Difficulty: Easy Source: NeetCode

Problem

Given an integer array nums of length n, return an array ans of length 2n where ans[i] = nums[i] and ans[i + n] = nums[i] for 0 <= i < n.

In other words, ans is the concatenation of two copies of nums.

Example 1: Input: nums = [1, 2, 1] Output: [1, 2, 1, 1, 2, 1]

Example 2: Input: nums = [1, 3, 2, 1] Output: [1, 3, 2, 1, 1, 3, 2, 1]

Constraints:

  • 1 <= n <= 1000
  • 1 <= nums[i] <= 1000

Prerequisites

Before attempting this problem, you should be comfortable with:

  • Arrays — understanding index-based access and iteration
  • Array concatenation — combining arrays or building new ones by index

1. Brute Force

Intuition

Build the result array manually by iterating twice. On the first pass, place each element of nums at index i. On the second pass, place the same elements at index i + n.

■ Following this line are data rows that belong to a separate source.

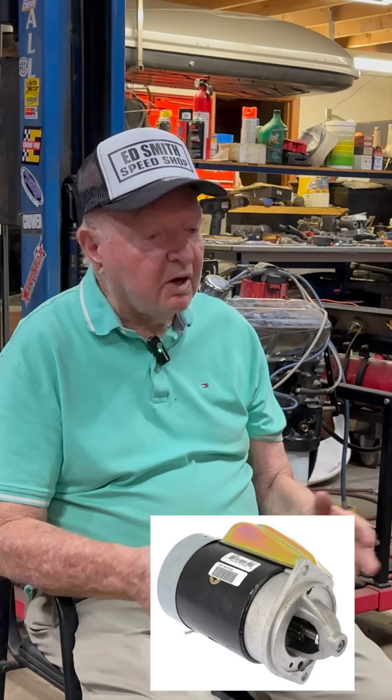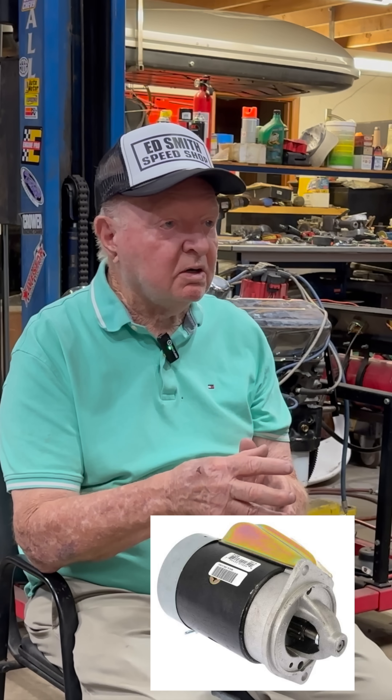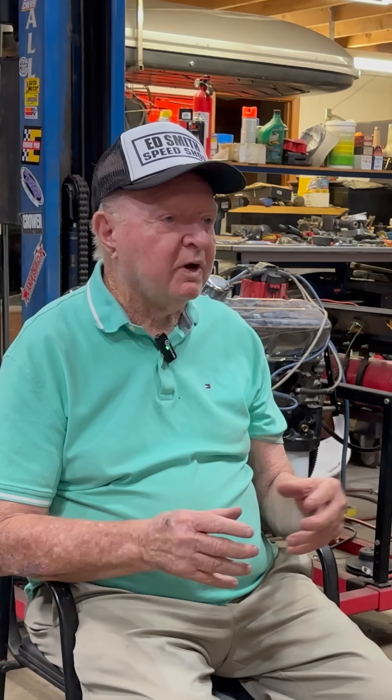The Ford 302 starter has a separate steel plate behind the motor that centers the starter. Without the steel plate, it would bolt on the bellhousing and then you're in trouble. It was kind of a weird design.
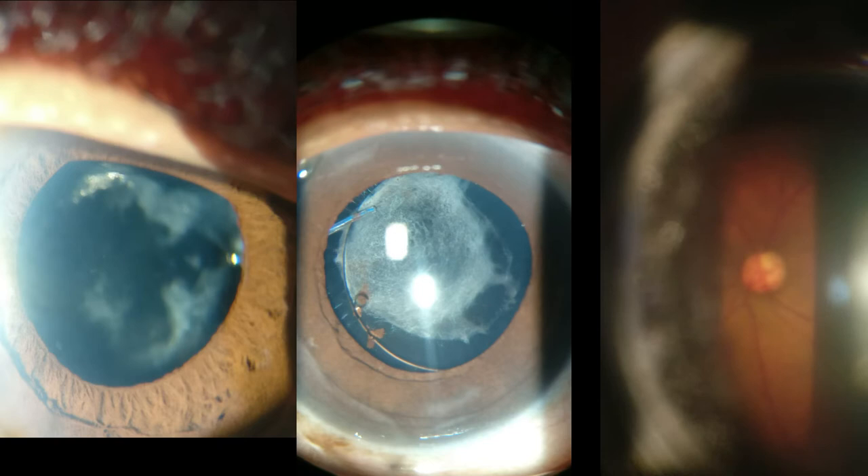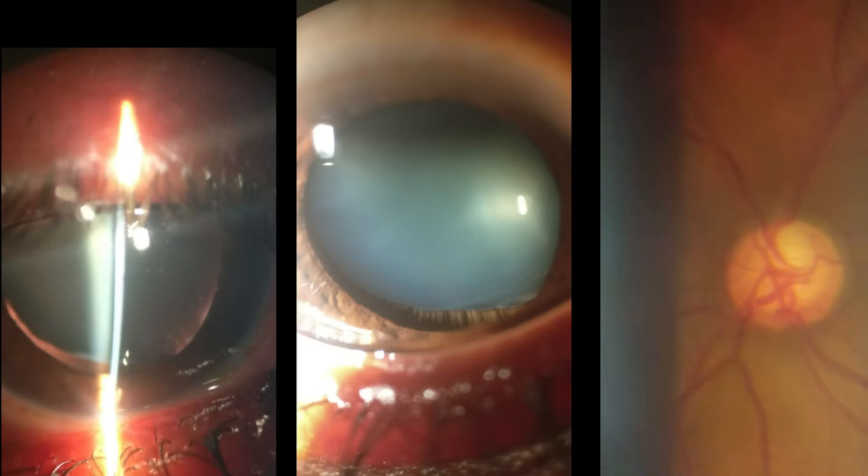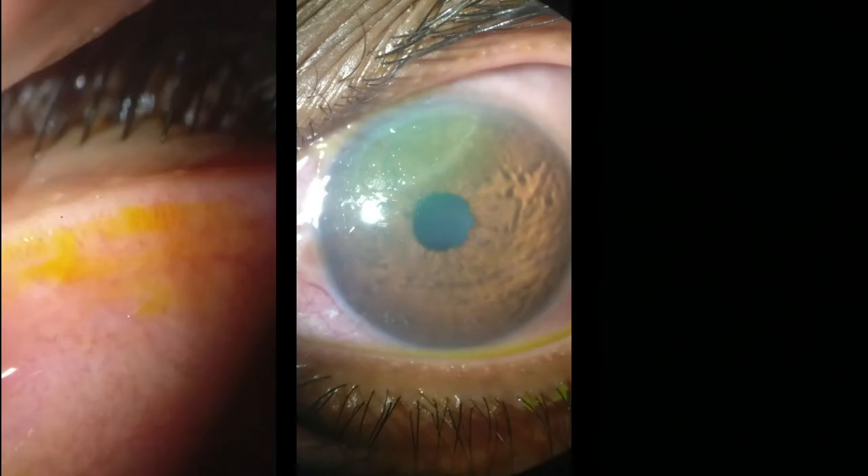You can see posterior capsule opacification and the YAG capsulotomy performed for that. On the right, the YAG capsulotomy with pitting of the IOL. Here you see the zonules on the left, and on the left you see the subluxated lens.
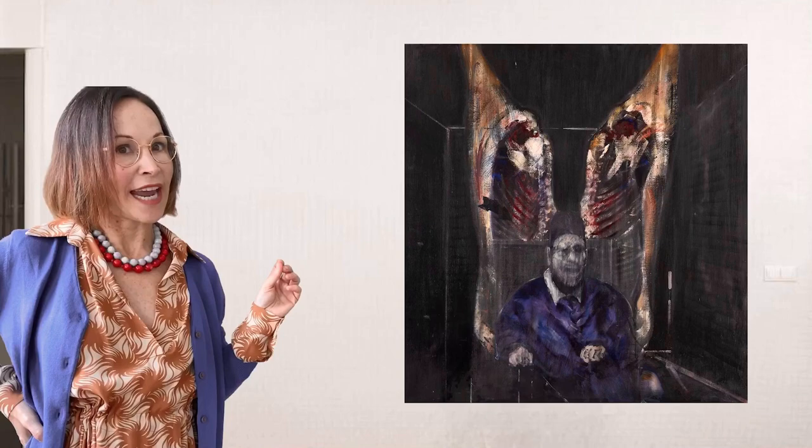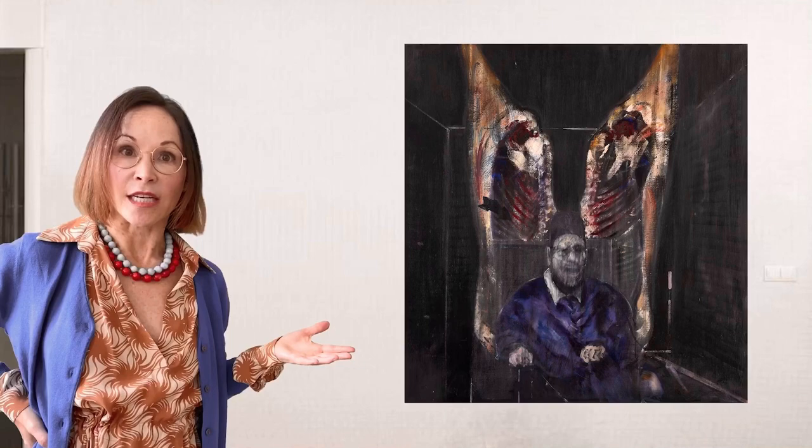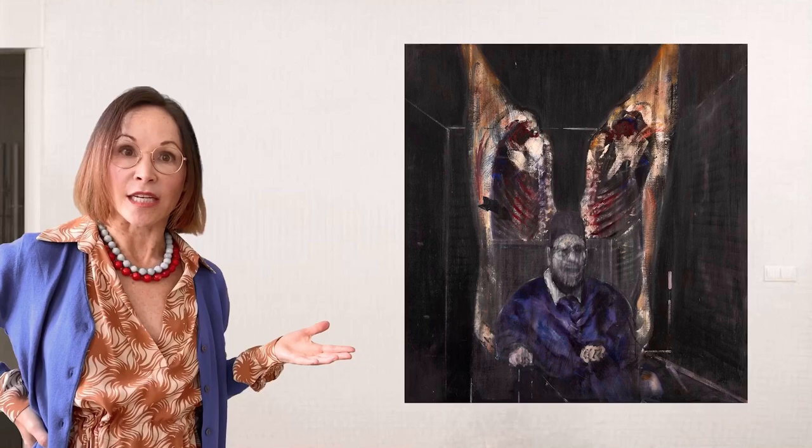And then you also notice the arrow that's pointing right at the Pope's head, which you can note in the title — it's called Head Surrounded. So he is in a cage, perhaps because he's the head of state and that's quite a difficult position to be in, like being trapped in a cage. It's also referring to the head as in it's pointing right at his head, which he's screaming in agony.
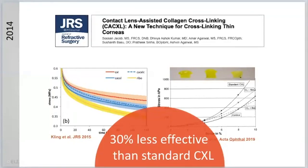Contact lens-assisted cross-linking works, but because it blocks so much oxygen, the efficacy is one third less. Why should we accept one third less efficacy? This might be acceptable for early stages of keratoconus, but not for aggressive forms. So we completely left that field.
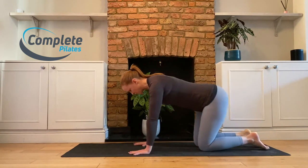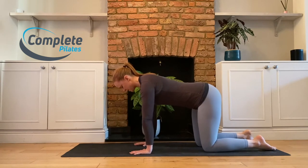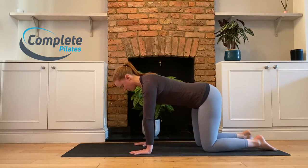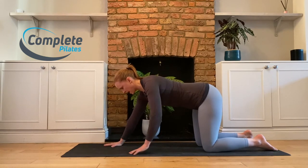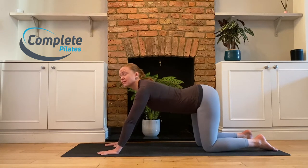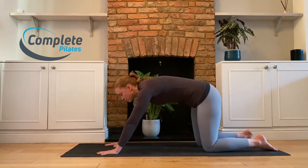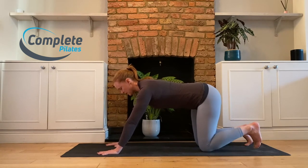Come on to all fours and find your position here, because we know this position — we can recognize when we're in our nice neutral spine. Then take your hands forwards, a couple of hand lengths forwards. Nothing's actually going to change through your spine, so I haven't overextended or curled my back here. Keep your spine long, and tuck your toes under.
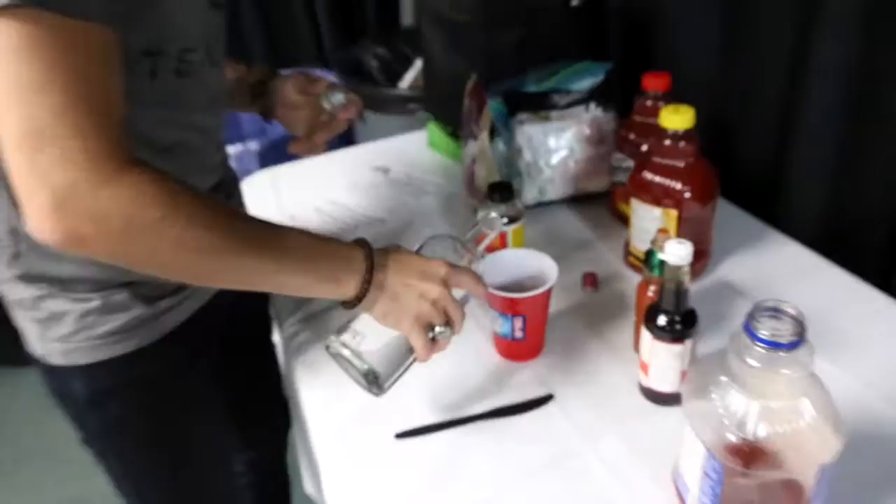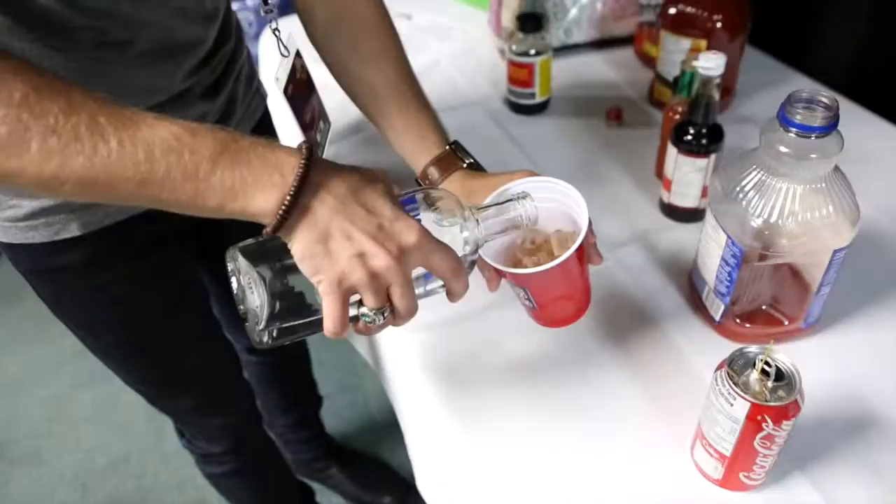Then you put your vodka in so you can mix it all down. Now, if you're making it for a girl, you always make it weaker. Everyone screws this up when it comes to girls — don't make girls a strong drink. Because then they're only going to have one drink because it's too strong. Make them many, many weak drinks. It's all psychological — it's going down so easy, and before you know it, they've had seven drinks. Seven weak drinks is better than one strong drink. Mark my words.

This makes the logic explicit and easy to follow, even if Python gives us a nicer shortcut.

Algorithm

  1. Create ans as a list of zeros with length 2 * n.
  2. Loop i from 0 to n - 1:
    • Set ans[i] = nums[i]
    • Set ans[i + n] = nums[i]
  3. Return ans.

Solution

def getConcatenation(nums):
    n = len(nums)
    ans = [0] * (2 * n)
    for i in range(n):
        ans[i] = nums[i]
        ans[i + n] = nums[i]
    return ans


print(getConcatenation([1, 2, 1]))        # [1, 2, 1, 1, 2, 1]
print(getConcatenation([1, 3, 2, 1]))     # [1, 3, 2, 1, 1, 3, 2, 1]
print(getConcatenation([5]))              # [5, 5]

Complexity

  • Time: O(n)
  • Space: O(n) — the output array of length 2n

2. Python Concatenation Operator

Intuition

Python’s + operator on lists creates a new list that is the concatenation of both operands. Since we want nums followed by nums, we can just return nums + nums — one line, same time and space complexity as the manual approach, just more readable.

This is not a “trick” — it’s the same algorithm underneath. The + operator iterates through both lists and copies each element into a new list, which is exactly what the brute force does.

Algorithm

  1. Return nums + nums.
flowchart LR
    A(["nums = [1, 2, 1]"]) --> B["nums + nums"]
    B --> C(["[1, 2, 1, 1, 2, 1]"])

Solution

def getConcatenation(nums):
    return nums + nums


print(getConcatenation([1, 2, 1]))        # [1, 2, 1, 1, 2, 1]
print(getConcatenation([1, 3, 2, 1]))     # [1, 3, 2, 1, 1, 3, 2, 1]
print(getConcatenation([5]))              # [5, 5]

Complexity

  • Time: O(n)
  • Space: O(n) — output array of length 2n

Common Pitfalls

Using nums * 2 vs nums + nums. Both produce the same result for this problem, but understand that nums * 2 also creates a new list — it does not mutate nums in place. Either works fine here.

Mutating nums in place. If you try to append to nums directly inside a loop over nums, you will get an infinite loop since the list grows as you iterate. Always build a separate output or use nums + nums to create a new list.